Meditation and Buddhist mind training and body centered awareness practices such as chi-kung have been very important to me, especially in my teens through thirties. Shamata Vipassana meditation no longer seems so crucial, however it is still life enhancing. Chi-kung remains life enhancing, although I go through spurts of regular practice. Eastern philosophy had been a big interest, however now no longer is and I can’t even remember why it was so important at the time.

Relationships were always important to me, and I had no access to any red pill thought until my late thirties, at which time I was well placed in Thailand to be able to discover more about masculine/feminine interactions just by dating. Girls don’t try to be men in SEA, and so some of the underlying polarities are easier to notice and more masculinity and leadership is rewarded instead of insulted. So that began a new phase and focus of development for me; sexual loving relationships from a position of dominance.

Business has been an ongoing interest since I was a young boy, and I’ve been a self supported entrepreneur since my early twenties.
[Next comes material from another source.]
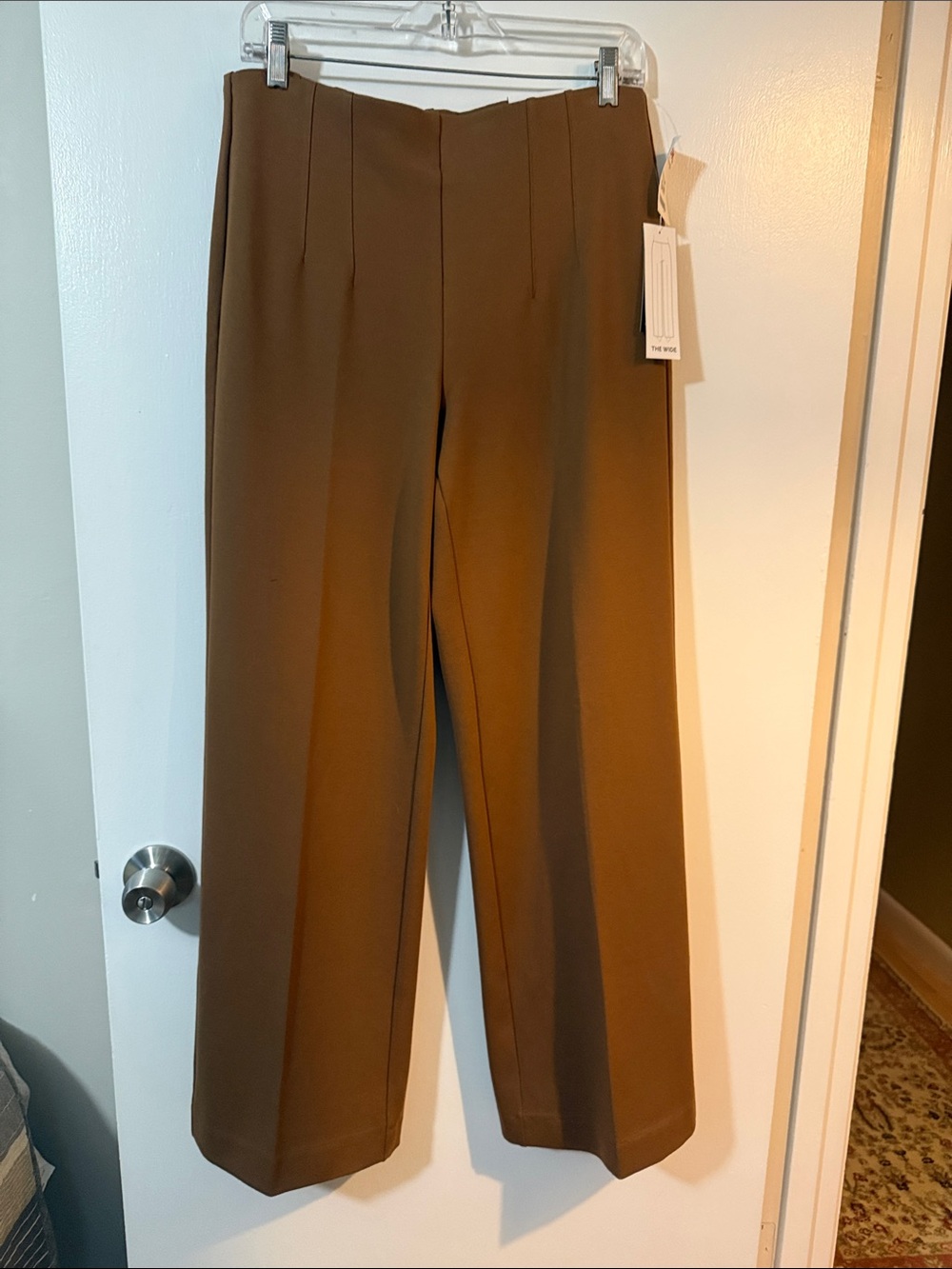 Rafaella Wide-Leg Pants in nutmeg color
I’m still developing my entrepreneurial and managerial skills.

Music is a new interest, and despite my lack of talent, is another avenue of personal development that is now important to me. That started mostly in my mid to late forties. Although I wish I’d started earlier to catch a child’s developmental window of neuronal re-organization, it is not too late to learn slowly.

I never went to college, and spent most of my time hanging out with girls throughout my adult life. Only in the last few years have I had male friends around, so I’m getting a late start on developing social skills among men. Again, it’s not too late to learn slowly.
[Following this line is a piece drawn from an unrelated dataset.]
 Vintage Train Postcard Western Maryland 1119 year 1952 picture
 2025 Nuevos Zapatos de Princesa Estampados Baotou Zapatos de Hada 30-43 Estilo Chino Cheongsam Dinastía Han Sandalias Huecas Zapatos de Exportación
There are many lines of personal development available to us, and it’s common to delve deeply into one or a few of them throughout different periods of life. I’ve known a few men deeply focused on developing their mathematical ability.

I’ve had an interest in writing ever since I noticed a talent for it at age nine. One of the most pleasurable experiences I’ve had was taking a continuing education poetry writing class for adults. We would do assignments in class, then at home, then in the next class read our assignments and follow up with critiquing each others work. I don’t know how to explain how fulfilling and interesting that was. My style keeps changing and some of my best writing seems behind me, but I’m still learning and developing.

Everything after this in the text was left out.